- [Exercise description]: Every line of the listing belongs in your answer exactly as written; the images do not.

#### The data ####

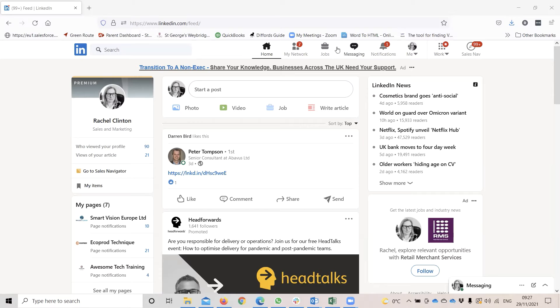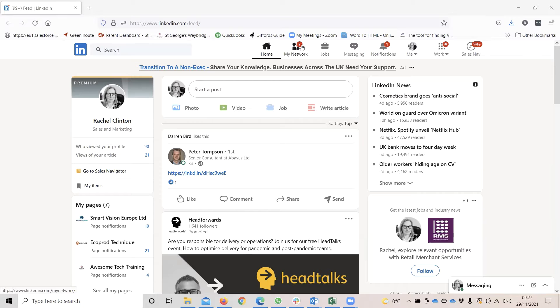So when you're in LinkedIn, most of your alerts are along the top of the screen here. It starts with home and my network, and you can see you've got little alerts for where you've got some notifications.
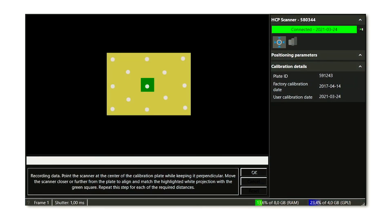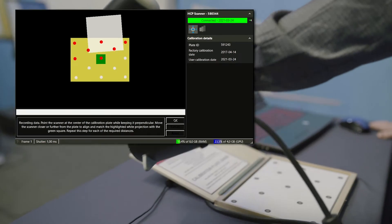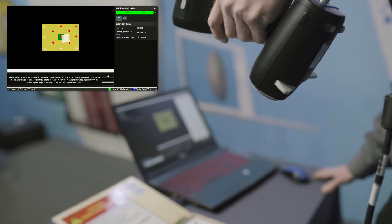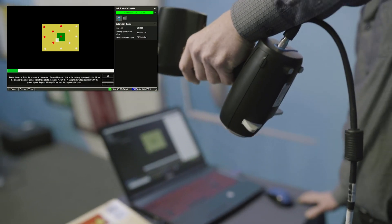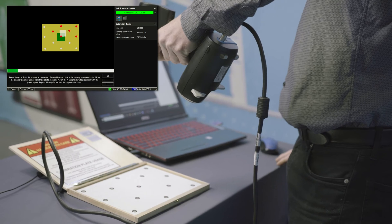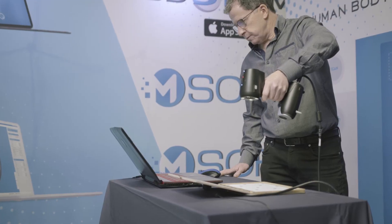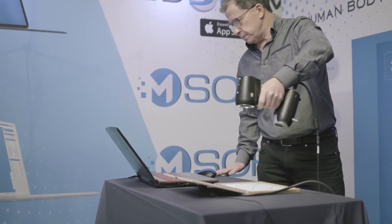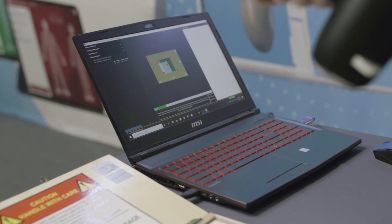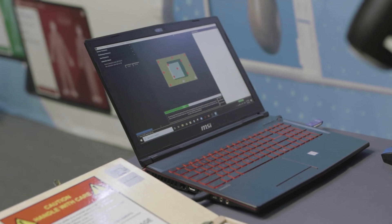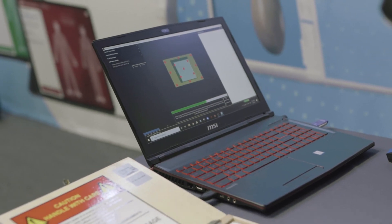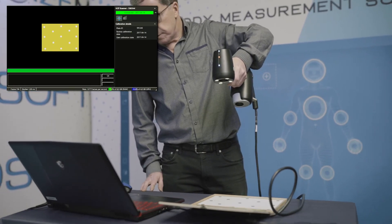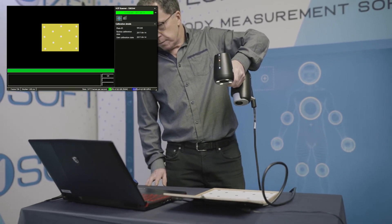When the calibration wizard opens, follow the instructions. Point the body scan scanner at the center of the calibration plate while keeping it perpendicular. Move the scanner closer or further from the plate to align and match the highlighted white projection with the green square. Repeat this step for each of the required distances.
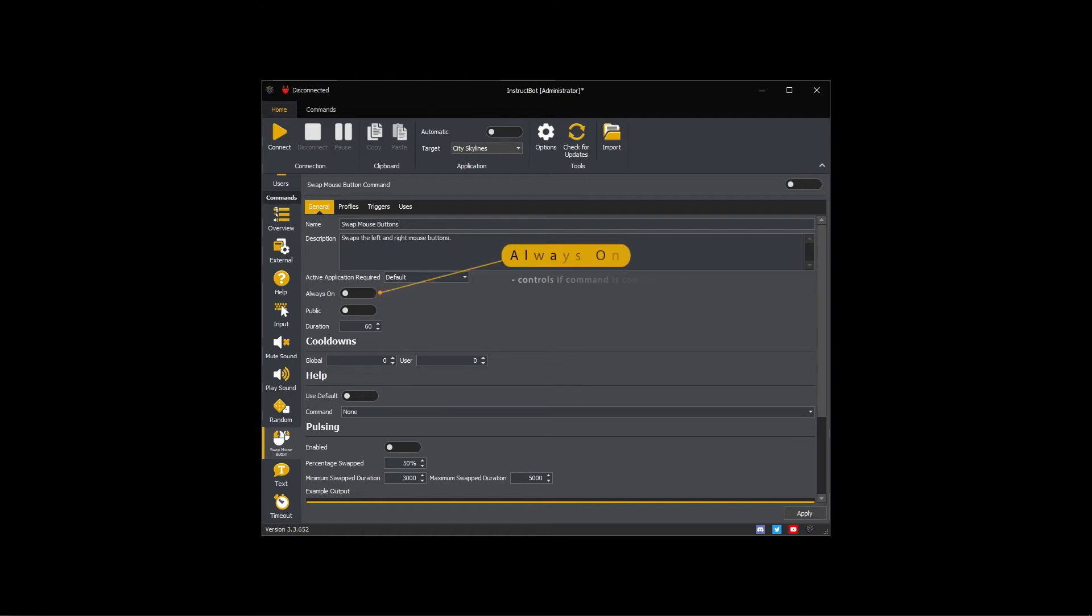Always on controls if the command is considered active even if not contained within a profile attached to the active application. As I'm going to be adding the command to a profile, I'm going to leave this disabled.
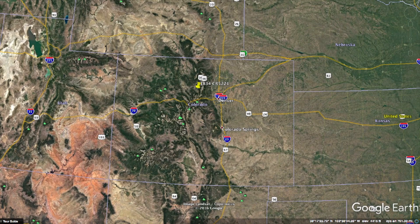Hey guys, what's going on. This is Seth from the REtipster blog and I wanted to show you a little trick in Google Earth, in case you weren't already aware of this.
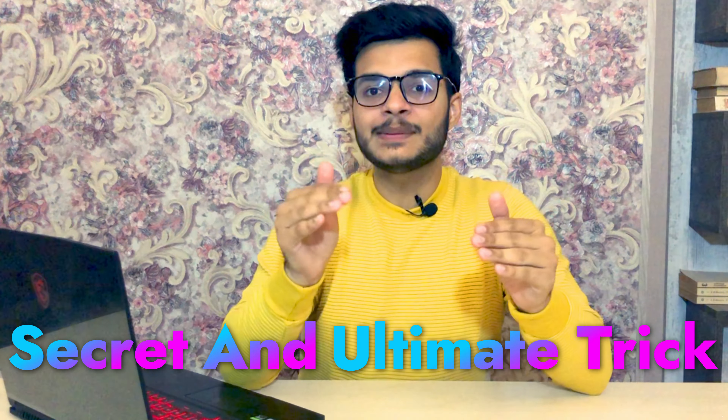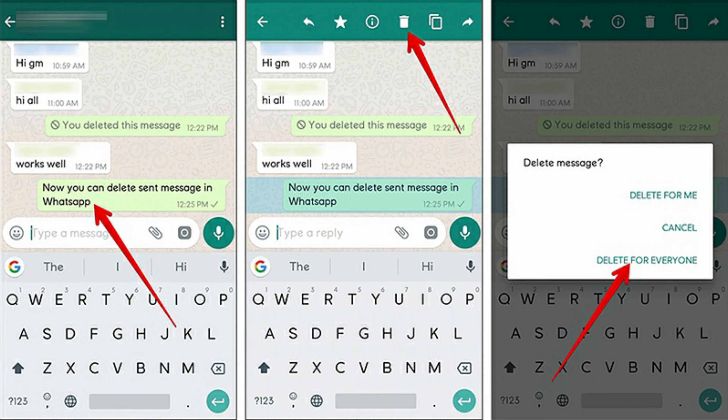Hello guys, welcome back to my channel. Today, more than 90% of the people use Gmail. So today I am going to tell you a secret and ultimate trick of Gmail that I really bet very rare people will know.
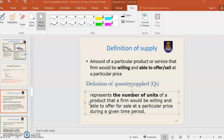Next is the Requisite to Supply. What is the meaning of Supply? Supply means when you have the ability or willingness to sell at a particular price. Supply is to represent the number of units of a product that a firm would be willing and able to offer for sale at a particular price during a given period. This is the quantity that we want to sell.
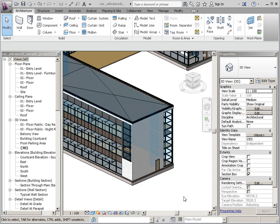This video is going to go over the basics of creating a vertically compound wall. A vertically compound wall is a wall that is going to have horizontal elements, either extruded elements or reveal elements, that run along the length of the wall.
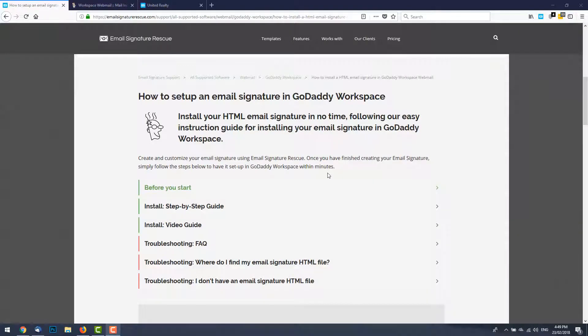Hi there, I'm Shane from Email Signature Rescue and in this video I'll be showing you how to install your email signature in GoDaddy's webmail service, otherwise known as GoDaddy Workspace.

####

- [Task response]:
So when you're in LinkedIn, most of your alerts are along the top of the screen here. It starts with home and my network, and you can see you've got little alerts for where you've got some notifications.
When the calibration wizard opens, follow the instructions. Point the body scan scanner at the center of the calibration plate while keeping it perpendicular. Move the scanner closer or further from the plate to align and match the highlighted white projection with the green square. Repeat this step for each of the required distances.
Always on controls if the command is considered active even if not contained within a profile attached to the active application. As I'm going to be adding the command to a profile, I'm going to leave this disabled.
Hey guys, what's going on. This is Seth from the REtipster blog and I wanted to show you a little trick in Google Earth, in case you weren't already aware of this.
Hello guys, welcome back to my channel. Today, more than 90% of the people use Gmail. So today I am going to tell you a secret and ultimate trick of Gmail that I really bet very rare people will know.
Next is the Requisite to Supply. What is the meaning of Supply? Supply means when you have the ability or willingness to sell at a particular price. Supply is to represent the number of units of a product that a firm would be willing and able to offer for sale at a particular price during a given period. This is the quantity that we want to sell.
This video is going to go over the basics of creating a vertically compound wall. A vertically compound wall is a wall that is going to have horizontal elements, either extruded elements or reveal elements, that run along the length of the wall.
Hi there, I'm Shane from Email Signature Rescue and in this video I'll be showing you how to install your email signature in GoDaddy's webmail service, otherwise known as GoDaddy Workspace.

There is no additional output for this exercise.